925. Halkın canları; el ayak sahibi olmazdan, beden kaydına düşmezden evvel vefâdan sefâya uçuyordu.

926. Vakta ki, ‘İniniz’ emriyle hapsolundular, hiddet, hırs, kanaat ve zarûret kayıtlarına düştüler.

927. Biz, Hakk’ın ayâli ve süt isteyen yavrularıyız. Peygamber, ‘Halk, Tanrı ayâlidir’ dedi.

928. Gökten yağmur veren, rahmetiyle can vermeye de kâdirdir” dediler.

Yüce Pîr Mevlâna buyurur ve der ki: “Âdemoğlu dediğin, dünya sandığına konmuş bir aslandır. Sandık kapanmış, kilitlenmiştir. O da kendisini yorgun ve bitkin göstermektedir. Ama günün birinde bir coştu, bir kükredi de sandığı kırıp parçaladı mı nelere gücü yettiğini, ne işler edeceğini o vakit görürsün.”

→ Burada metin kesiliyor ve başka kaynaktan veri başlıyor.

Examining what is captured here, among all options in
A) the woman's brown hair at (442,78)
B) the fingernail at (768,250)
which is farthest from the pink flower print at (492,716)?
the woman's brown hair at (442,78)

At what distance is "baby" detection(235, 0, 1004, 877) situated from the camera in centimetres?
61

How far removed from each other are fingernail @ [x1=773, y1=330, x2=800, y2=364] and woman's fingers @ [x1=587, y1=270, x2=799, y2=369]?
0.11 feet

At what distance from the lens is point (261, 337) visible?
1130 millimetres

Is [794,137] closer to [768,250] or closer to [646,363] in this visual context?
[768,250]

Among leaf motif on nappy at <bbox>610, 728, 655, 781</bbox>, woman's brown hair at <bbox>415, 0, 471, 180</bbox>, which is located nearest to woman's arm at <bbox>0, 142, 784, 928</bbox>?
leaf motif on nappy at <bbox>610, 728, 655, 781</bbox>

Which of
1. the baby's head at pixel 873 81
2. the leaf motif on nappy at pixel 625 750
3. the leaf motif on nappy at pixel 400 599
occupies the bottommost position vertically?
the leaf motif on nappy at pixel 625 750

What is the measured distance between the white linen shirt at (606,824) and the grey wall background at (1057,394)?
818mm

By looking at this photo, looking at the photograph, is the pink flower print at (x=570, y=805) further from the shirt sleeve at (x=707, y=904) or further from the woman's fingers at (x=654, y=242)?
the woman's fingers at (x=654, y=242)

“İnsan vücudu Allah tohumunun kabuğudur. Çırpınıp bu nefs denilen kabuktan kurtulursak ne âlâ… Yoksa kabuk olarak kalırız. Kabuğunu kırıp içinden çıkabilen görecek ki, bu kabuğun altında sadece Allah varmış” der Hasan Dede ve şöyle devam eder: “İnsan çok mukaddes bir varlıktır; çok mukaddes bir varlık… Fakat kendinden haberi olmadığı için, Allah’ı kendi dışında aradığı için hatalardan kurtulamıyor ve bütün ömrü sıkıntılarla, hüzünlerle geçip gidiyor. Biz, ‘Ben biliyorum!’, ‘Ben yapıyorum!’ dediğimiz için, bizi çevreleyen Kudret’i meydana çıkaramıyoruz. Öyle bir kanun ki, biz ‘Benim!’ derken, o Kudret çekilip gidiyor; biz ortada kalakalıyoruz. Kendimize yine kendimiz engel oluyoruz. Kendimize şu soruyu sormalıyız: Acaba ben kimim? Bu bedenin içinde konuk olan kim?..”

Mevlâna’mızın buyurduğu gibi: “Ey can! Acaba kim olduğundan haberin var mı? Ey gönül sendeki konuğun kim olduğunu biliyor musun? Ey beden! Sen her hileye bir yol arıyorsun. Seni kendine çeken O’dur, seni arayanın kim olduğunu anla!”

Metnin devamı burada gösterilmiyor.